Crocodiles are doting parents. Mother crocodiles hear their babies chirping while still in their eggs and will help them work their way out. They will also gently carry their babies in their mouths to protect them. Yet three crocodiles are killed to make just one Hermès Birkin bag. Undercover investigations—including a video from the Australian association Kindness Project, filmed in intensive breeding farms belonging to Hermès—revealed crocodiles crowded in cramped enclosures then isolated in small, filthy cages before being dragged, mutilated, and stabbed with a screwdriver. PETA entities have also documented how workers in the fashion industry chop off conscious lizards’ heads with machetes, inflate snakes with water, and electrically stun ostriches before slitting their throats in full view of their terrified flockmates.

PETA notes that many other major designers—such as Chanel, Balenciaga, Burberry, Mulberry, Victoria Beckham, Diane von Furstenberg, and Vivienne Westwood—have banned the use of the skin of reptiles or other wildlife from their collections.

PETA—whose motto reads, in part, that “animals are not ours to wear”—points out that Every Animal Is Someone and offers free Empathy Kits for people who need a lesson in kindness. For more information, please visit PETA.org or follow PETA on XFacebook, or Instagram.

The full text of PETA’s shareholder question follows.

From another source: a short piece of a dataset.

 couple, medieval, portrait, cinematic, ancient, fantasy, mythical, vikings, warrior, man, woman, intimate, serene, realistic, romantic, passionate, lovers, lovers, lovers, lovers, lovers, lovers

My name is James Fraser, and I have a question for Executive Chair Axel Dumas on behalf of People for the Ethical Treatment of Animals.

An investigation into Australian farms owned by Hermès and its suppliers shows that crocodiles are being confined to cramped cages or small concrete pens filled with filthy water before being electrocuted, dragged, and mutilated with blades and screwdrivers—some while still conscious. On farms in South Africa supplying Hermès with ostrich skins, the young birds spend their short lives on barren feedlots. In a slaughterhouse, workers force ostriches into stun boxes—causing many to slip and fall in the process—and then slit their throats. In response to the investigation, Hermès continues to mislead the public and shareholders by referencing CITES—the Convention on International Trade in Endangered Species of Wild Fauna and Flora—knowing full well that this regulation relates to the number of animals traded, not the horrific way they are reared and killed.

Monsieur Dumas, the sale of macabre accessories made from the body parts of wild animals is tarnishing our company’s reputation and alienating the conscious consumers who represent the future of luxury fashion. When will Hermès ban wild-animal skins and embrace ethical luxury by launching vegan Birkin and Kelly bags?